Start of Data to process
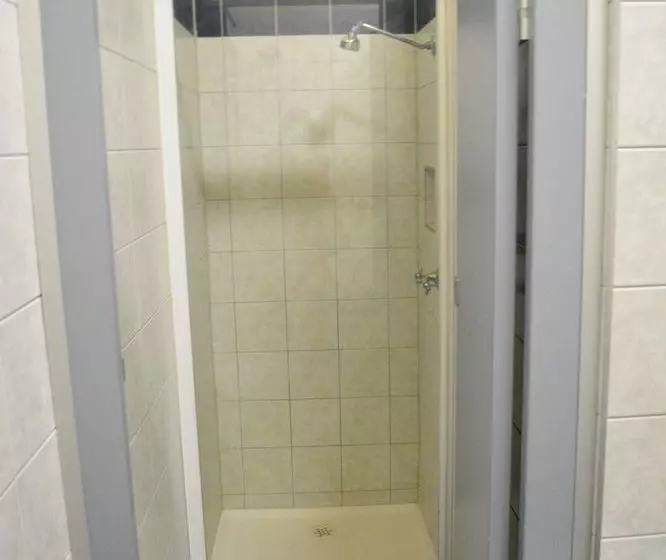 ユースホステル Oslo Hotel Backpackers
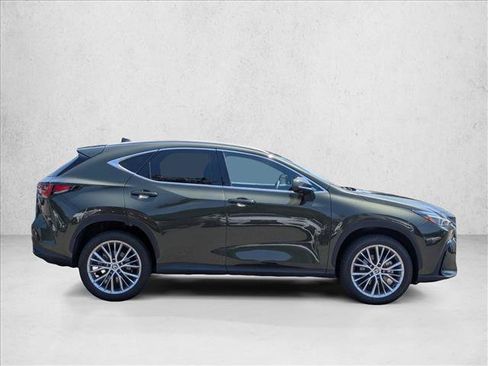 Used 2024 Lexus NX 350 AWD w/ Vision Package image 4
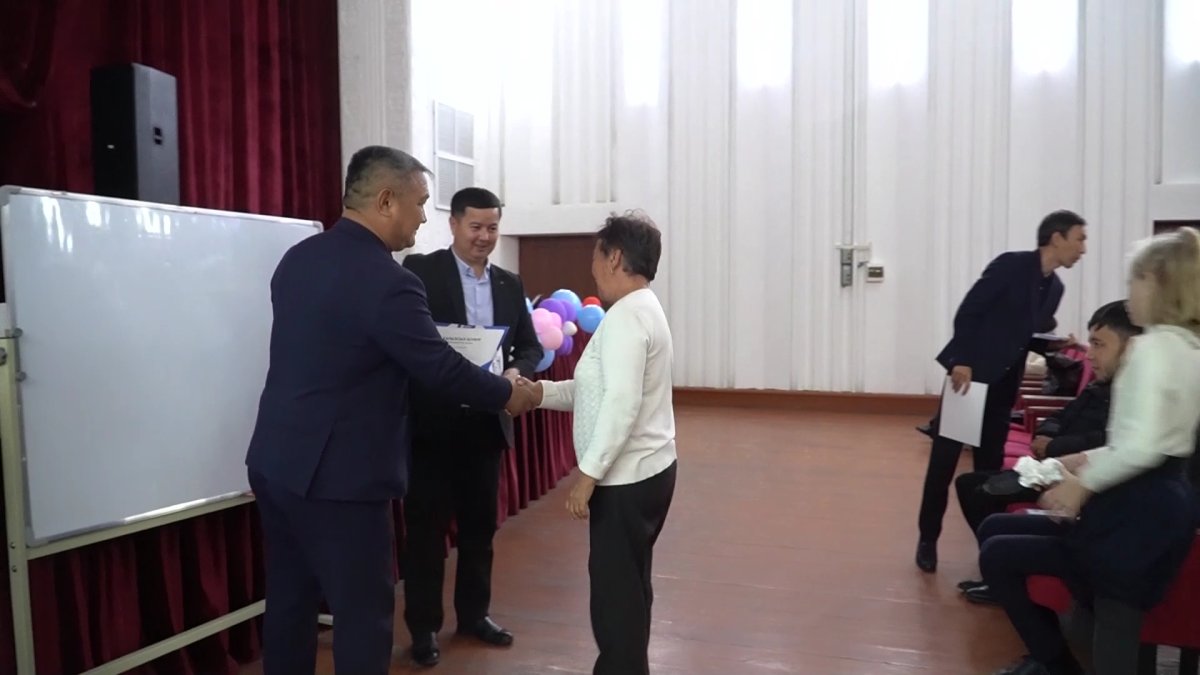 Жамбыл облысында «AMANAT» партиясының «Қарызсыз қоғам» жобасы аясында былтыр 11 215 адам оқытылған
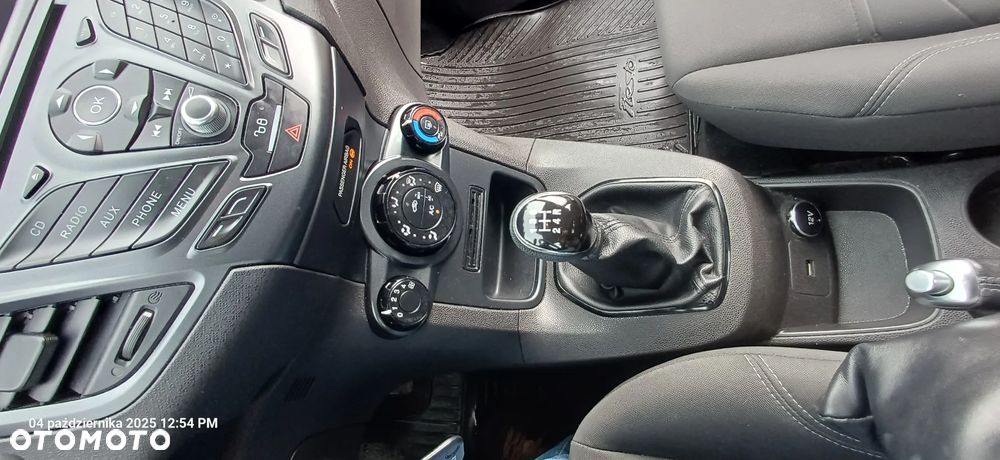 Ford Fiesta - 12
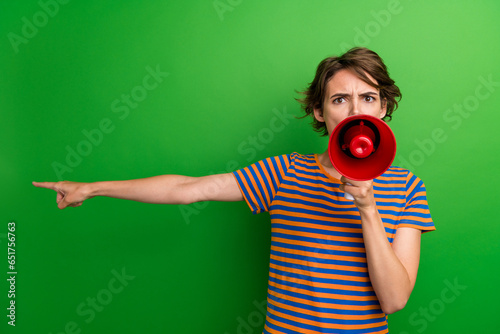 Foto Photo portrait of attractive young woman shout megaphone finger point expel wear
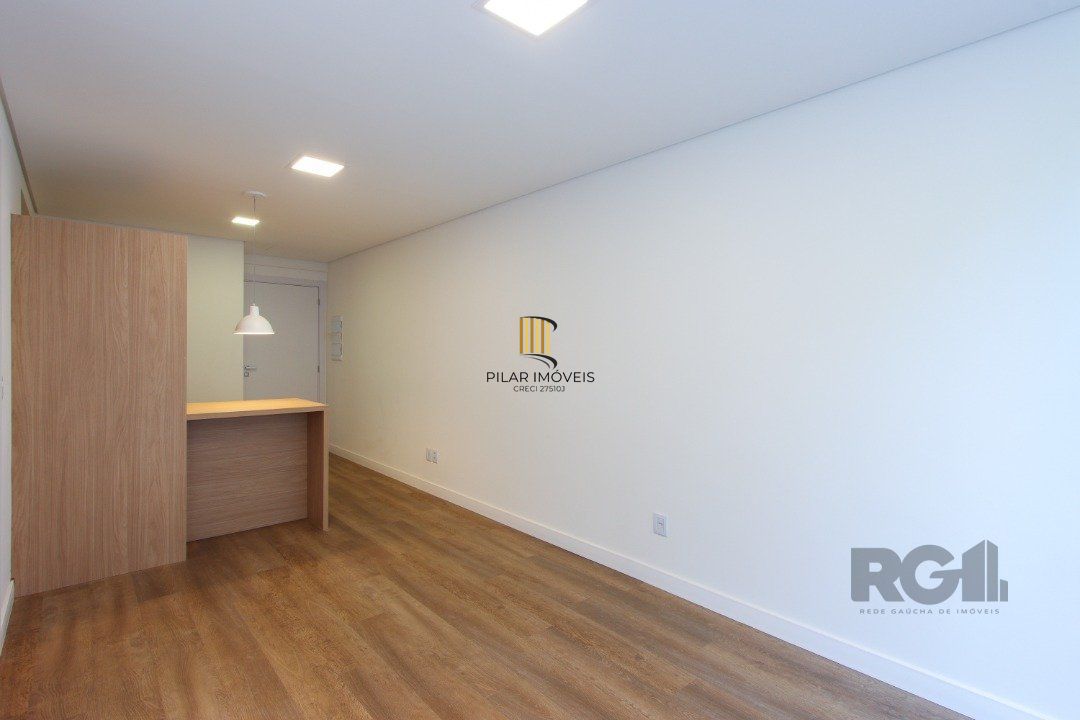 Apartamento em Porto Alegre no Bairro Petrópolis, de 1 quarto, GARDEN , semi mobiliado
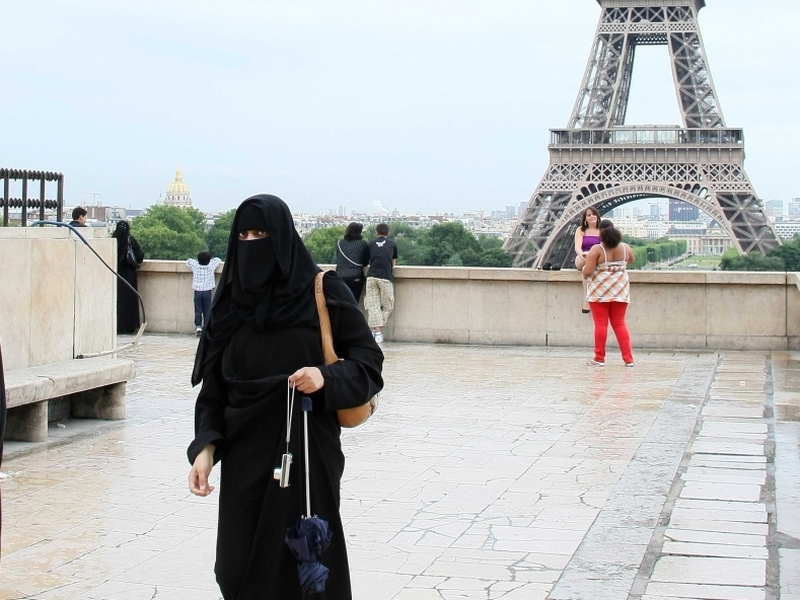 France - Plan to ban full Islamic veil in public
End of Data to process
In this exercise, set down all of the data exactly, without the pictures.

 ユースホステル Oslo Hotel Backpackers
 Used 2024 Lexus NX 350 AWD w/ Vision Package image 4
 Жамбыл облысында «AMANAT» партиясының «Қарызсыз қоғам» жобасы аясында былтыр 11 215 адам оқытылған
 Ford Fiesta - 12
 Foto Photo portrait of attractive young woman shout megaphone finger point expel wear
 Apartamento em Porto Alegre no Bairro Petrópolis, de 1 quarto, GARDEN , semi mobiliado
 France - Plan to ban full Islamic veil in public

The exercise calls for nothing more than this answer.